Incandescent bulbs also use about 3 - 4 times the power, and burnout quite
often. There is no perfect solution.

------
jrapdx3
Interesting reference, I'll read that article for sure, JAMA Psychiatry is a
top-tier journal. However not a new idea, there have been prior studies
showing benefit of light treatment for non-seasonal depression, particularly
in "elderly" individuals (e.g., people over 60).

How it works in practice, well, the usual caveat about varying mileage
definitely applies in this domain. I've recommended adjunctive light treatment
over many years. Though it can help reduce symptoms, in most cases other
therapies are still necessary to achieve remission of depression.

Several comments were made about the lamps used for light treatment. The
optimum emission spectrum for light therapy is really an unsettled question.
Early on (in 1980's) the quantity of light was emphasized, 10000 lux is
considered standard since that is equivalent to minimal "normal" daylight,
e.g., heavily overcast midday sky in late fall. Some work suggests as little
as 4-5K lux may be sufficient for response.

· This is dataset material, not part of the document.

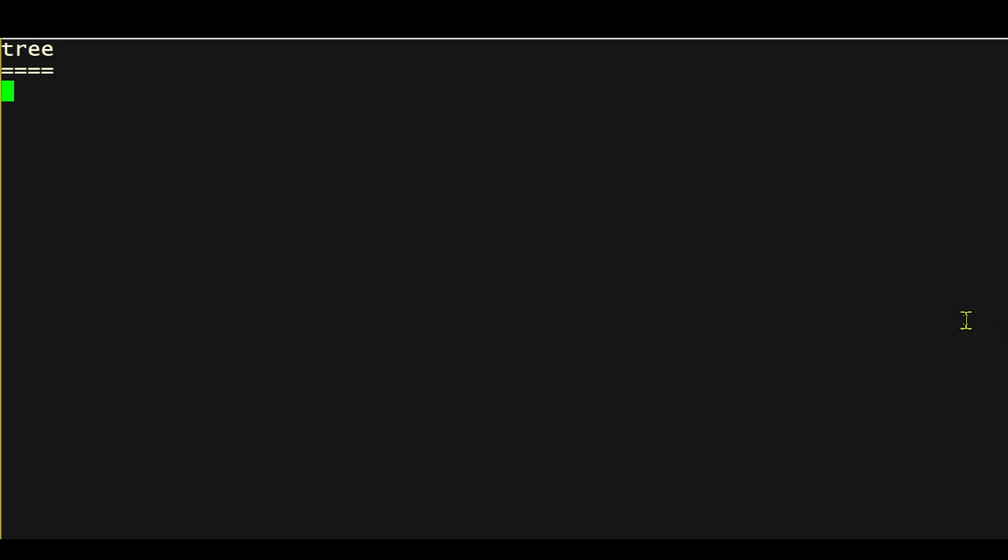It's a command that displays the files and subdirectories in whatever directory you ask it to display, and it does this in a surprisingly graphical way.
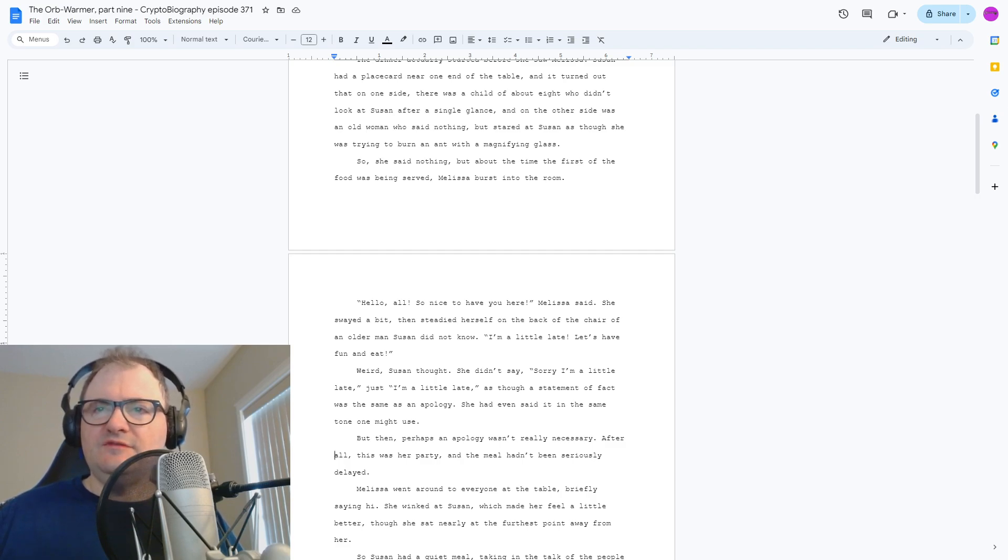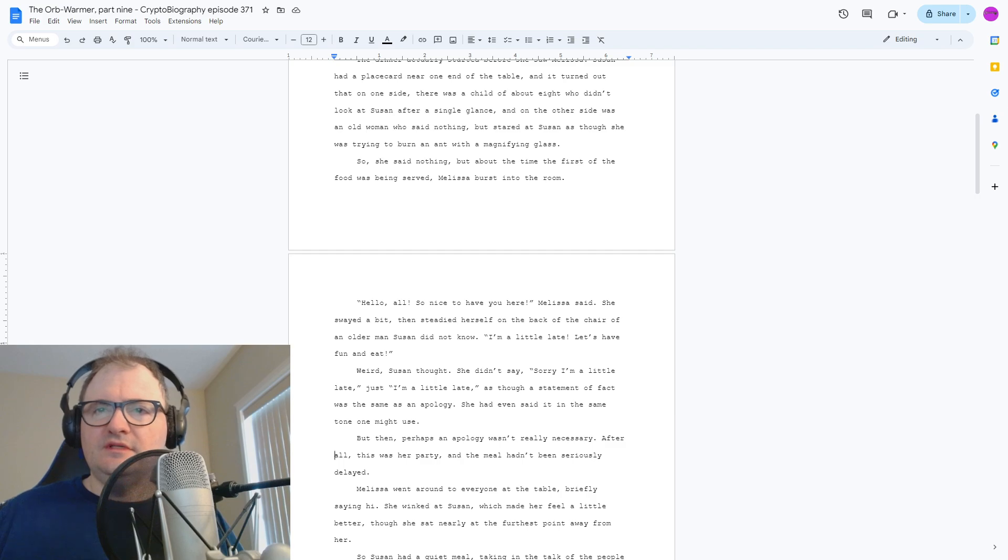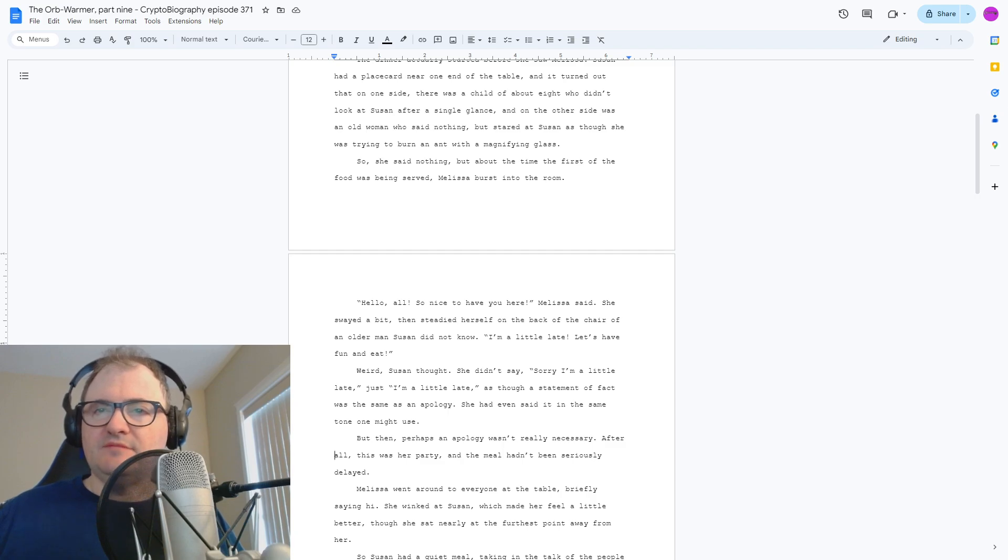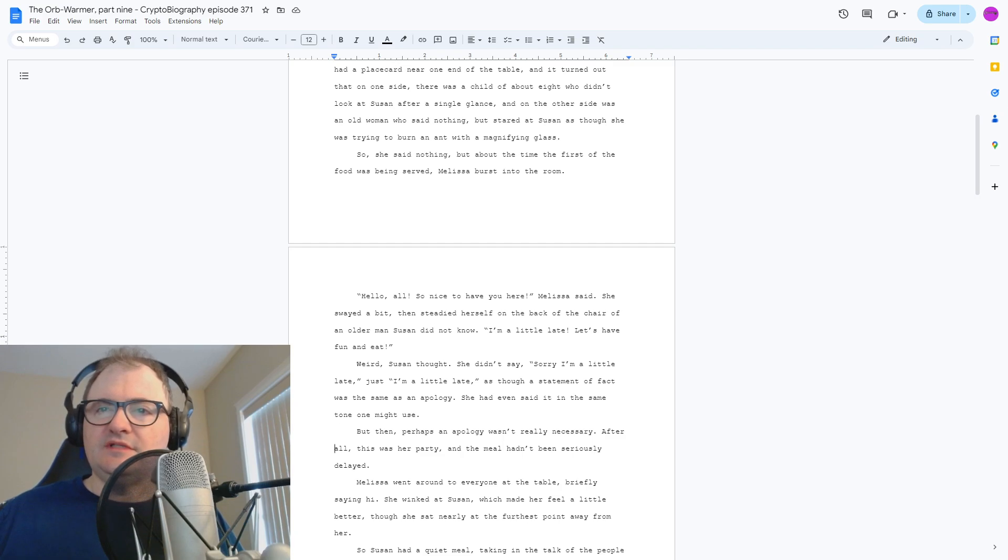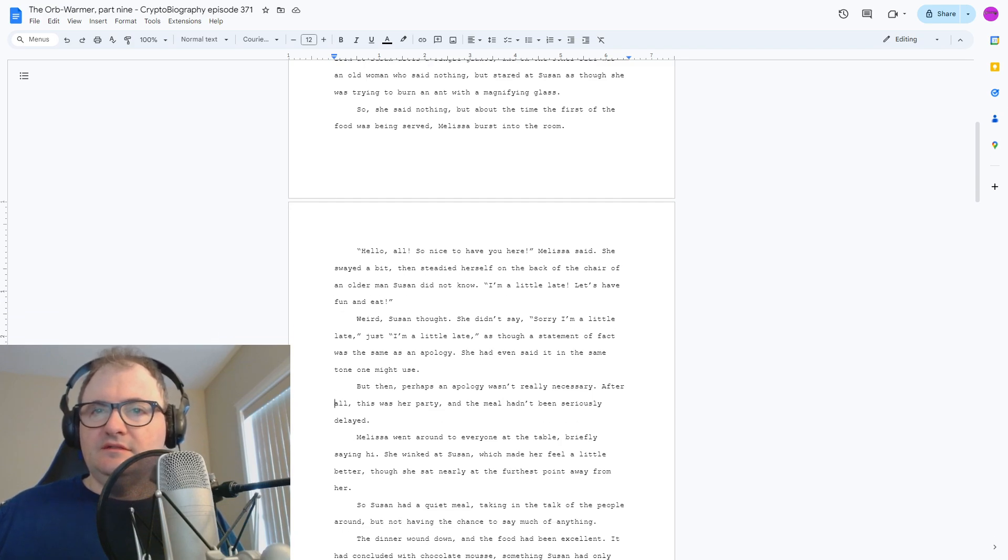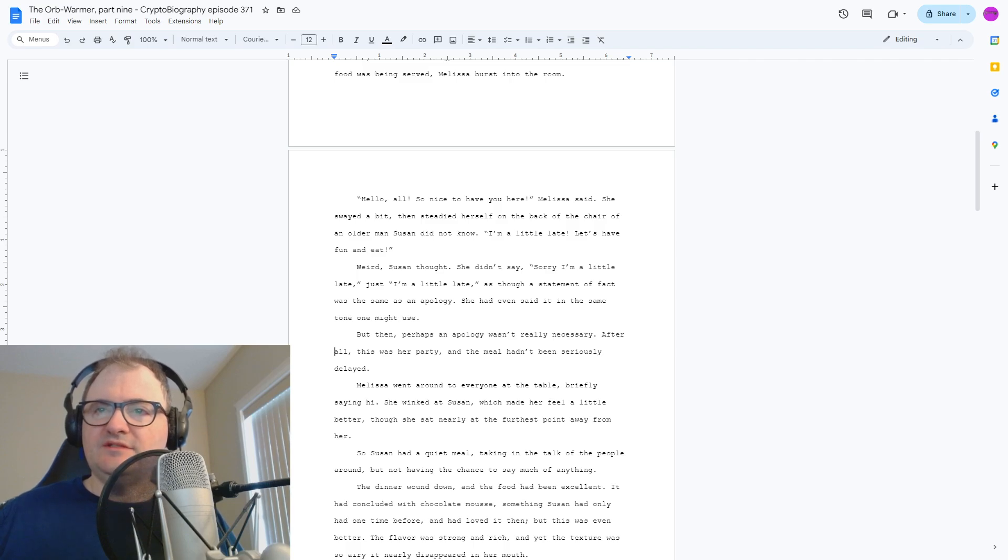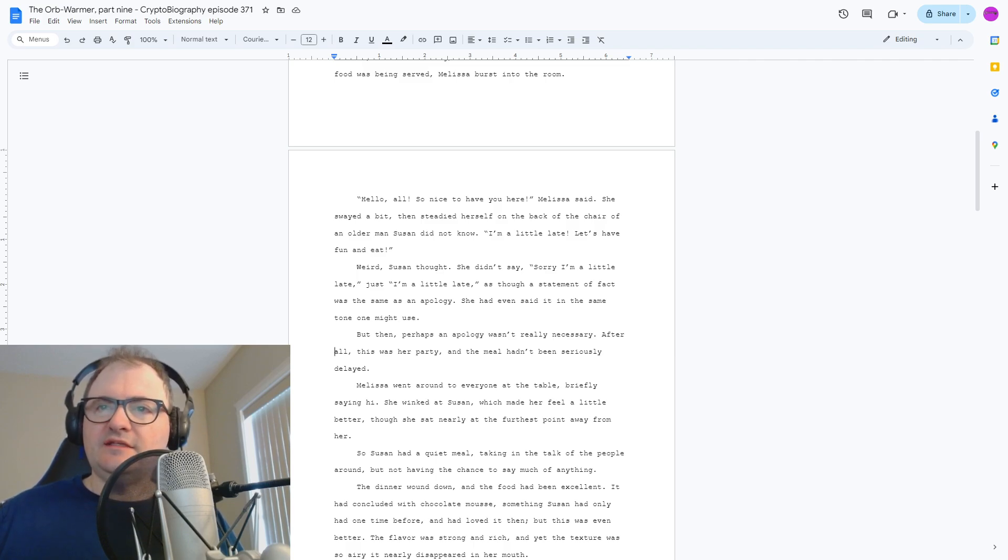She even said it in the same tone one might use. But then perhaps an apology wasn't really necessary. After all, this was her party, and the meal hadn't been seriously delayed. Melissa went around to everyone at the table, briefly saying hi. She winked at Susan, which made her feel a little better, though she sat at nearly the furthest point away from her.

Some studies have shown blue light (say ~460nm) to be most effective, others
found peak response to green (~500-550). And some researchers in the field
have the opinion the spectral quality is less important the light intensity.

Since usually light treatment for depression is administered in early morning,
consistent with normal circadian influence, the blueness of light as
encouraging wakefulness is not a problem. As some comments noted, some
research suggests blue light exposure in evening hours can trigger
wakefulness, though not yet enough evidence to say that's been proven.

Notably device displays have been getting brighter, and more blue, thanks to
"white" LED illumination which has prominent emission ~450nm. Of course LED
output spectrum varies across diodes, but kind of a parallel to fluorescent
lamps which tend to have prominent green emission regardless of apparent
"warm" or "cool" effect.

The advice to avoid computer or phone use in evening is based on both
brightness and spectrum, to say nothing of the mentally stimulating effects
interfering with sleep onset.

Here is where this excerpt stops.